Но что мне, читателю, «имя», если я должен наплевать на последнее, что у меня осталось, — русский язык, — сидеть и содрогаться над таким вот словесным чертополохом:
«Ночь, бани,
Луны — лупы,
Лужи,
Влажность сквозь звезды, —
— Василий Васильевич! влажность сквозь звездья, живая влага, Фалесова hugron[14] мировая „улива“, начало и происхождение вещей, движущаяся живая, огненная, остервенелая, высь скори, высь быстри, высь бега, жгучая, льнущая —
— я скажу —
на обезьяньем языке словом —
одним словом:
Кук-ха»
(«Кук-ха», стр. 75).
А я скажу на человеческом языке: одним словом — стыд-но!
<1924>
«РОЗА ИЕРИХОНА»*
Утверждение — большая и редкая радость в наши черные, взбаламученные дни.

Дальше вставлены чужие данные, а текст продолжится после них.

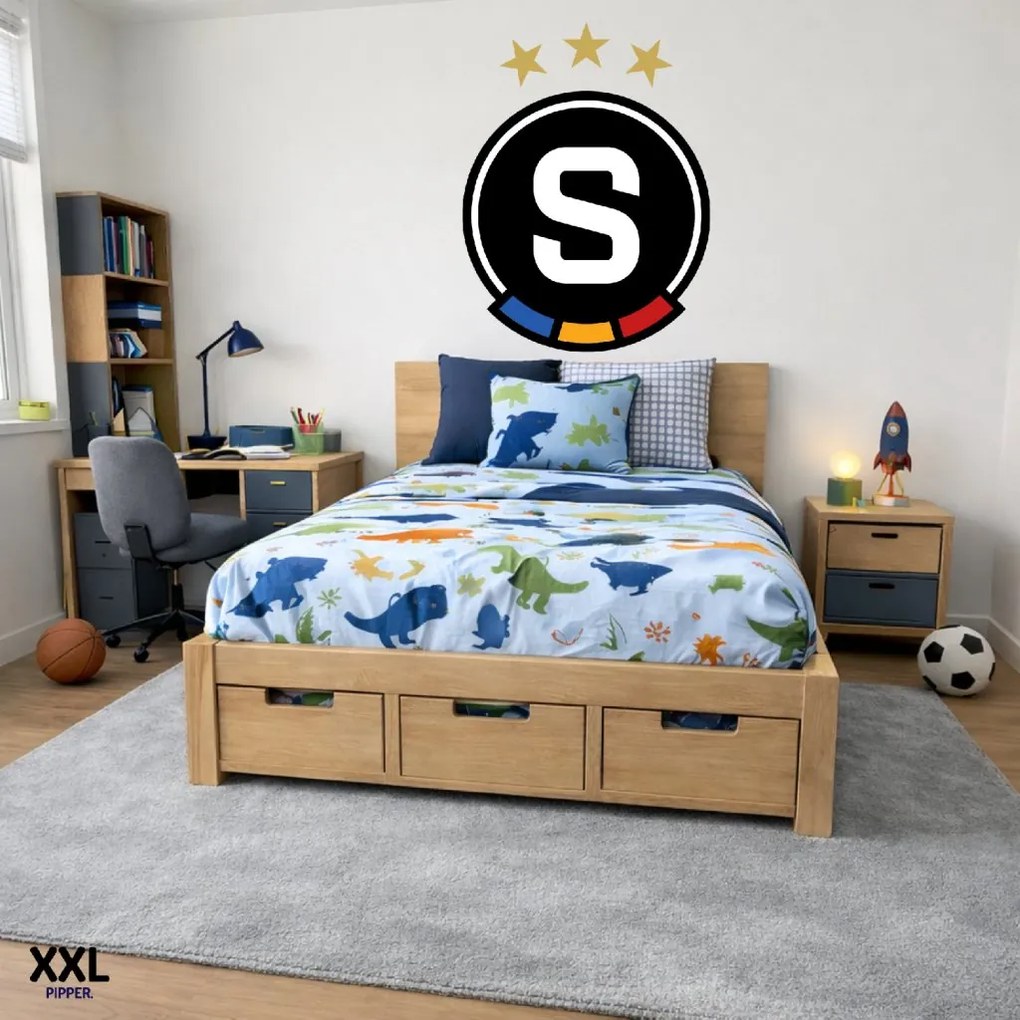 Textilná nálepka na stenu - logo "AC Sparta Praha" Veľkosť: 100 cm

Большевистский самум не пощадил в своем разгуле ни быта, ни науки, ни искусства. Лавина красных сборников и пролетарских антологий ни о каком ренессансе не свидетельствует. Одни — последние из стойких — молчат, ибо давняя николаевская цензура, о которой повествовал в своем дневнике Никитенко, — кроткое и доброе дитя в сравнении с красным карандашом. Другие скрепя сердце ушли в архивные изыскания, исследуют пушкинские многоточия, переводят, — в этой работе хоть какая-то тень независимости, хоть остатки русской культуры забронированы от комсомольского окрика. Художественная литература в лапах новых таперов. Неудачники и кустари вылезли из всех щелей. Одних поэтов хватило бы на население губернского города. Проза — вычурно-телеграфный код, с устремлением в зоологический натурализм фирмы Пильняк и К°, либо бульварно-циничная эренбурговщина, — семечки, товар дешевый и ходкий. Сотни сезонных гениев, сотни взаимно заушающих одна другую теорий. Крикливый и пестрый базар.
За рубежом — усталость, тяжелая литературная поденщина, поток «воспоминаний», дробление рассказов на газетные отрывки. Нет своего угла, подлинный читатель обнищал, издательства после берлинского Аранжуэца переживают горькое и мутное похмелье. Мечтать ли о книге?